• **WHAT TO DO**: When writing out the entries below, keep only the lines from the line with "Marvel Superhero Iron" to the line with "Jeune femme en", both included, exactly as they are, and leave the pictures aside.

• **GIVEN DATA**:
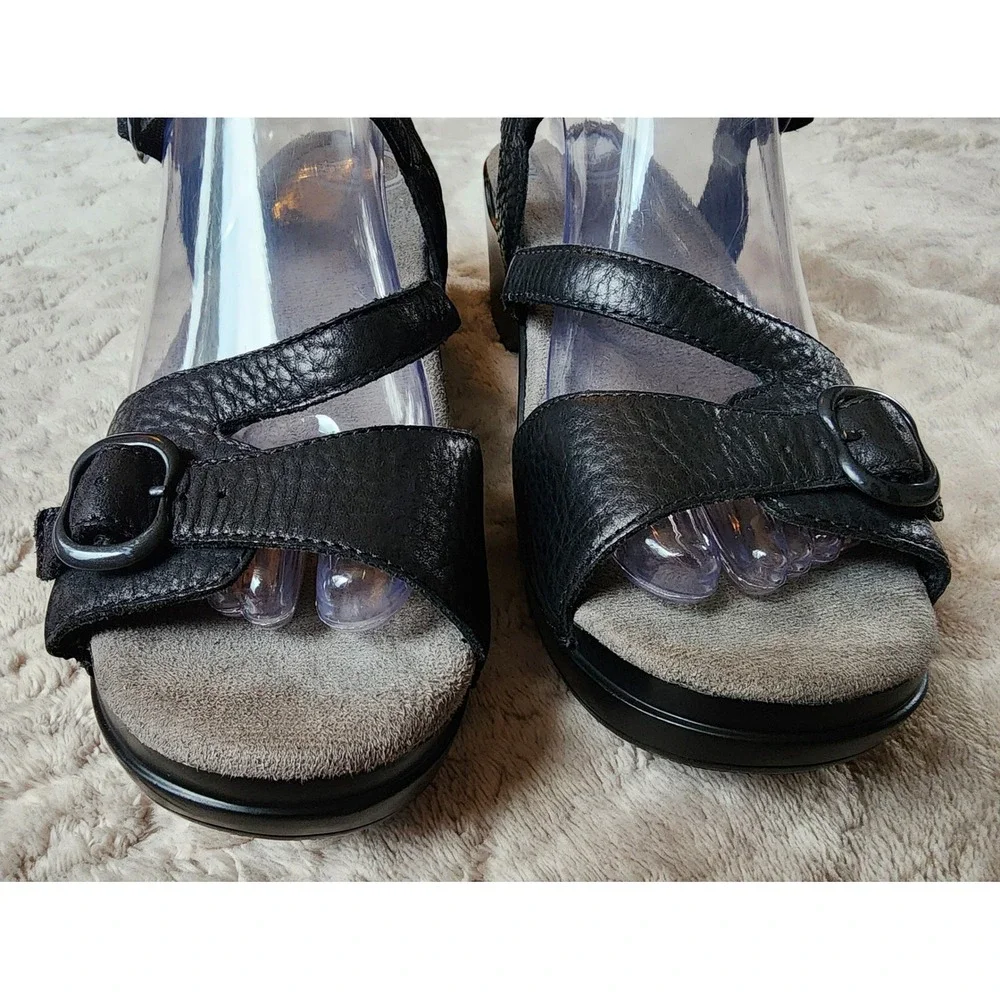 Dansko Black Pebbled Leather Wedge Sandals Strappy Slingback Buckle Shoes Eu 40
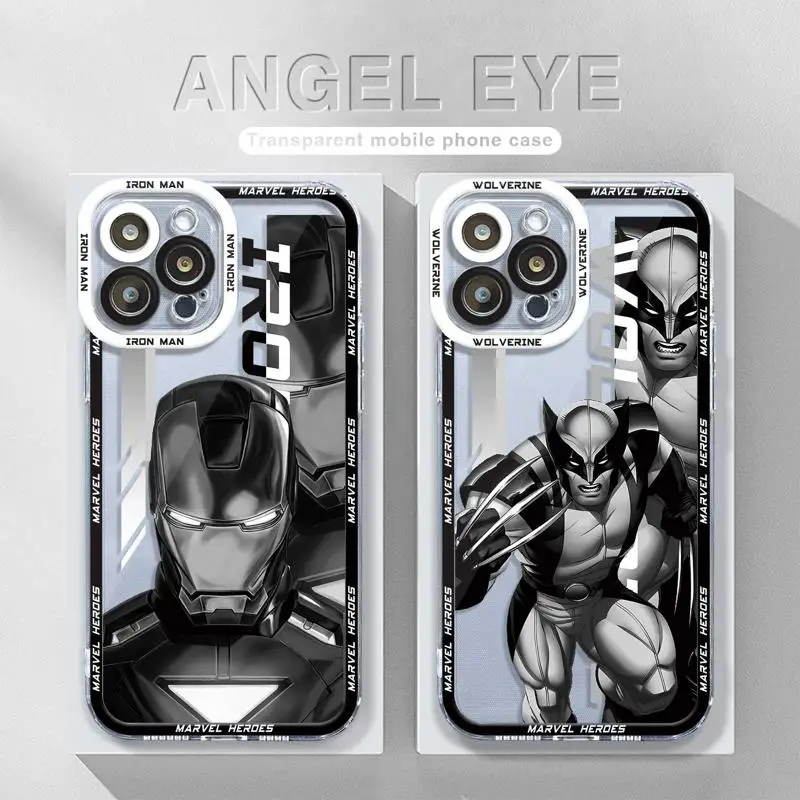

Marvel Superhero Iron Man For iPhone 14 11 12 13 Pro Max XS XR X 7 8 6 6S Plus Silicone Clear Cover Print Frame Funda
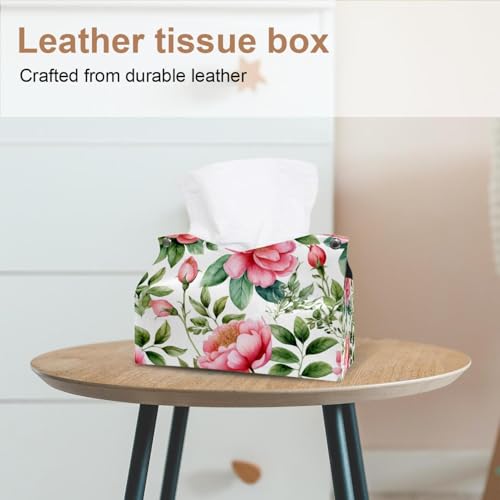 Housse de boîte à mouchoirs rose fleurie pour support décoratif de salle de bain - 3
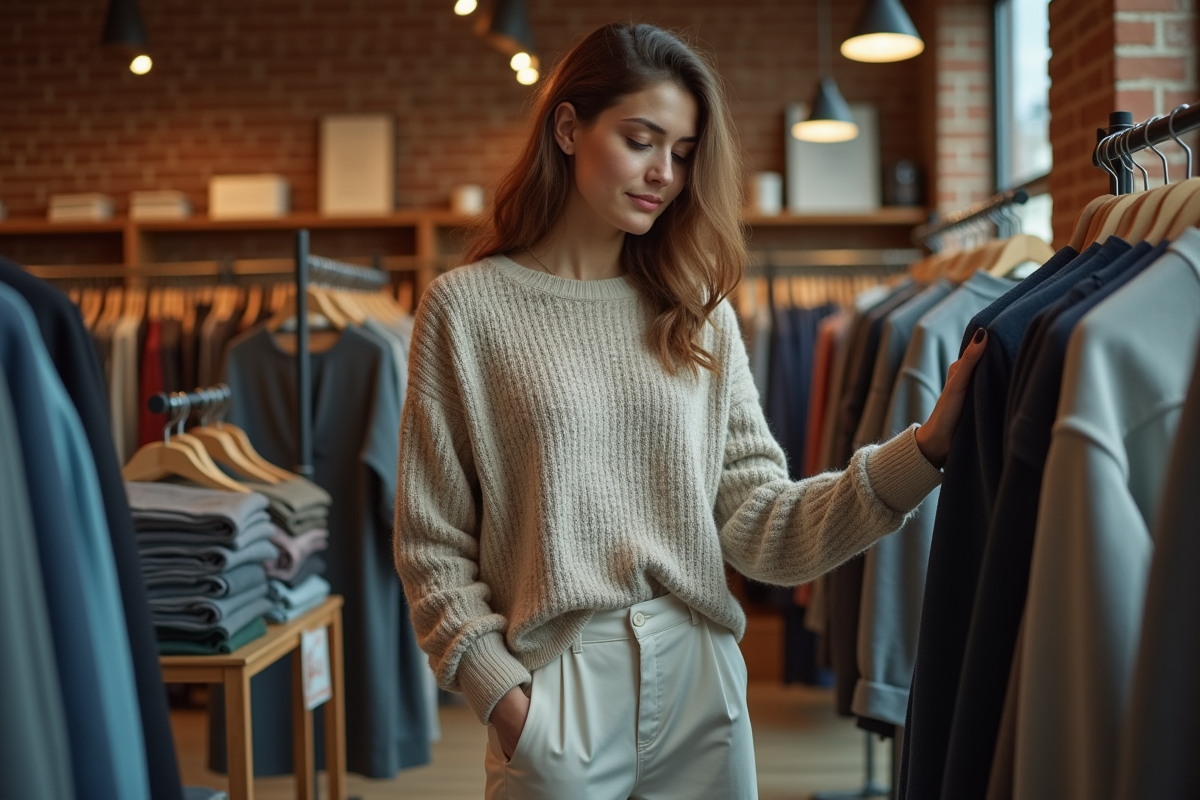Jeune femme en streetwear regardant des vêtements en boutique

---

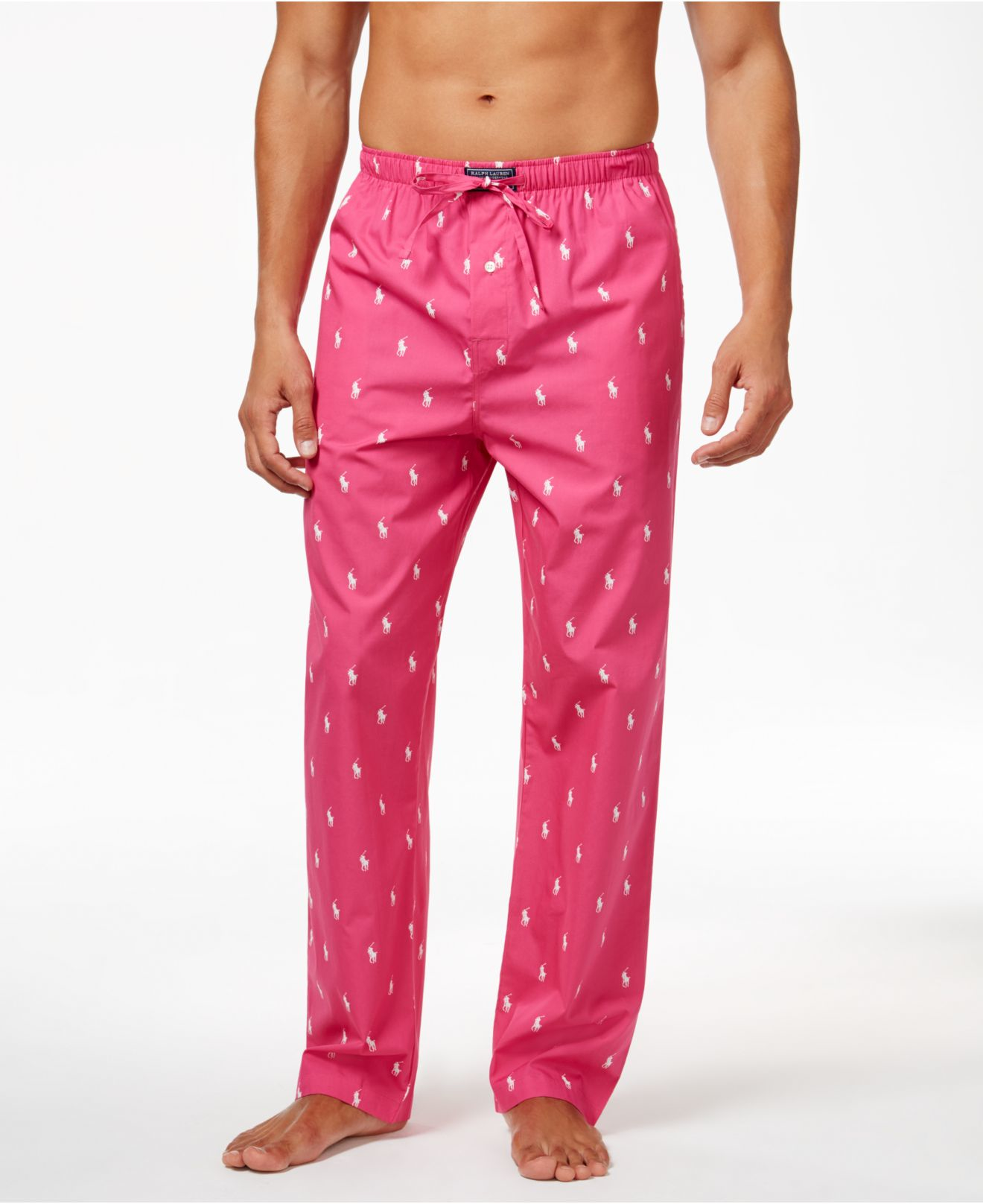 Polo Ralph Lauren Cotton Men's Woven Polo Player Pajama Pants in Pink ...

• **TASK SOLUTION**:
Marvel Superhero Iron Man For iPhone 14 11 12 13 Pro Max XS XR X 7 8 6 6S Plus Silicone Clear Cover Print Frame Funda
 Housse de boîte à mouchoirs rose fleurie pour support décoratif de salle de bain - 3
Jeune femme en streetwear regardant des vêtements en boutique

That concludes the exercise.